Der Abend hat sich gelohnt. Nach endlosen Scharmützeln mit Ghoulen, dunklen Schemen und anderem Ungetier haben wir den Overlord Kel Thuzad vor die Flinte bekommen. Zumindest vor die alte Donnerbüchse von Burbonn Fang. Da unser Anführer, der Paladin Brandon Lightstone, mit seinem Siegel und dem neuen „heiligen Schock“ noch angriffslustiger geworden ist, benötige ich nur zwei Treffer und der Sieg ist unser. Alternativ hätten wir auch die drei Vertreter der Horde in einem PvP-Endkampf erledigen können. Aber die Genugtuung, den Oberboss persönlich vermöbelt zu haben, ist einfach größer.

von Lars Jeske

 

 

Willkommen in der Welt von „Warcraft“, in welcher sich die Allianz und die Horde noch immer nicht sonderlich grün sind und auch im Lande Lordaeron um die jeweilige Vormachtstellung kämpfen. Nachdem das Onlinespiel „World of Warcraft“ wohl auch die besten Prognosen von Blizzard übertroffen hatte, war es nur eine Frage der Zeit, bis die Produktpalette erweitert und eben auch eine Brettspielvariante für die Offline-Spieler auf den Markt geworfen wurde. Wider erwartend ist dabei ein stimmungsvolles Teamspiel für bis zu sechs Spieler entstanden, welches die Atmosphäre gut einfängt und lange zu fesseln weiß.

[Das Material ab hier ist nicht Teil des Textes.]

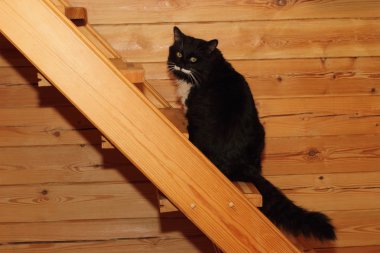 Güzel siyah beyaz kedi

Für einen recht üppigen Obolus erhält man allerdings auch eine sehr imposante Packung (59x29x10 cm, über 5 kg schwer), die sogar ordentlich gefüllt ist und die getätigte Investition schon einmal quantitativ rechtfertigt. Weit über 1.000 Einzelteile bringt das Spiel mit sich. Neben ein paar Hundert Pappcountern (viel Spaß beim Herauslösen), diversen Charakterbögen und mehreren Kartenstapeln gibt es 136 fein modellierte Plastikfiguren, die sogleich für die richtige Stimmung sorgen. Somit ist alles vorhanden, was das Auge für ein großes Brettspiel benötigt.

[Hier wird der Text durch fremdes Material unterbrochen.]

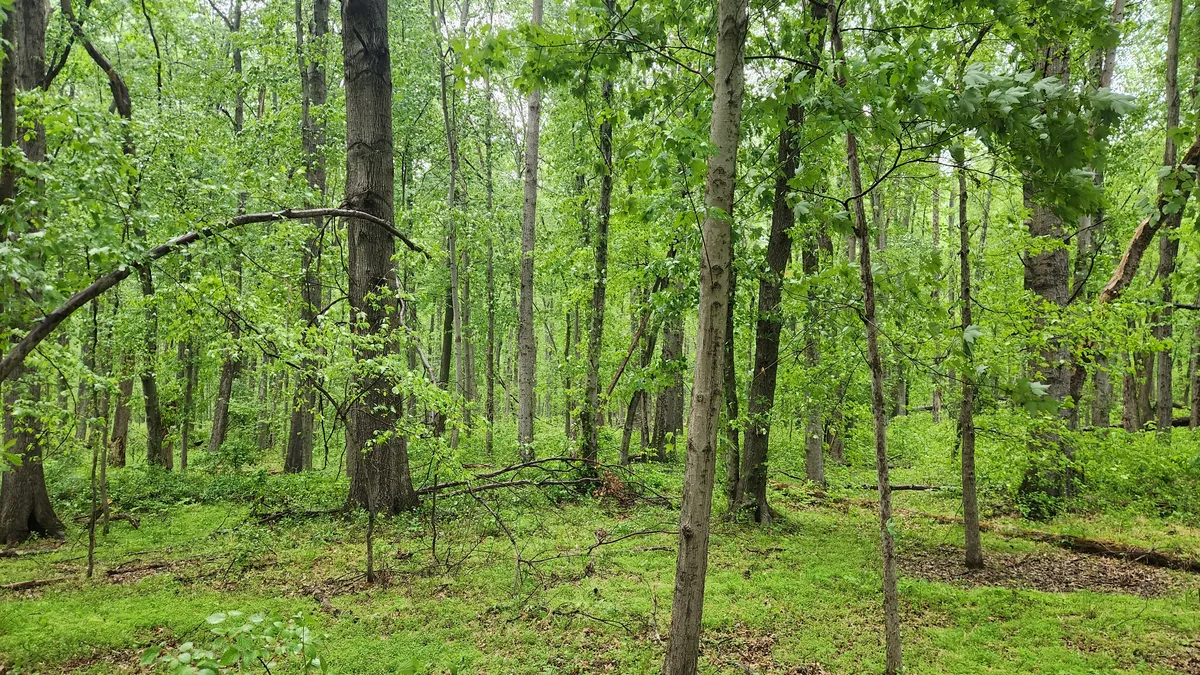 Green tree filled forest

Sobald man den Spielplan komplett aufgeklappt hat, fängt man ungewollt an, in epischen Bahnen zu denken. Die knallbunte und dennoch recht übersichtliche Karte Lordaerons ist auf eine Fläche von 55x75 cm gebannt und degradiert jeden normalen Tisch zur kleinen Beistellablage. Denn des Weiteren benötigt man nicht nur genug Platz für die ganzen Karten und Counter, die während des Spiels benötigt werden, sondern auch für jeden Spieler ausreichend Platz für dessen Charakterbogen. Auf, um und an diesem werden die Lebens- und Energiepunkte, Fähigkeiten (Talente und Kräfte) und Ausrüstung des eigenen Held vermerkt. (Alternativ könnte man zwar auf dem Teppich bleiben und auf selbigem spielen, jedoch sollte man sich überlegen, ob man seinem Körper dieses für die nächsten mindestens vier Stunden zumuten will.)

Missionsziel

Das Spiel wird in zwei Teams gespielt, wobei bis zu drei der bekannten Charaktere der Horde gegen die der Allianz antreten. Idealerweise sitzt also eine gerade Anzahl an Mitspielern am Tisch. Das Spielziel ist es, entweder binnen der eigenen 15 Fraktionsrunden (also 30 Spielrunden) zuerst den Overlord zu erledigen oder nach Ablauf dieser 30 Runden im finalen Kampf mit der generischen Fraktion die Oberhand zu behalten. Demzufolge gibt es am Ende nicht nur einen Sieger, sondern eine der Fraktionen, die sich als Gewinner feiern lassen kann.

Vor dem Säbelrasseln

Um vor dem ersten Spiel das großformatige 40-seitige Regelheft durchzuarbeiten, benötigt man etwas Zeit, ist anschließend jedoch umfassend informiert und es bleiben kaum Fragen offen. Während man dann den hoffentlich geduldigen Mitspielern die Regeln in Kurzform vermittelt (nicht schwer, aber es sind viele Kleinigkeiten und das dauert eben), bietet es sich für die erste Partie an, nach der vorgeschlagenen Anleitung für das erste Spiel zu spielen. Natürlich bleibt einem während der ersten paar Spielzüge der nochmalige Blick in die Regeln nicht erspart, aber sehr schnell ist man mit den doch recht einfachen Regeln vertraut.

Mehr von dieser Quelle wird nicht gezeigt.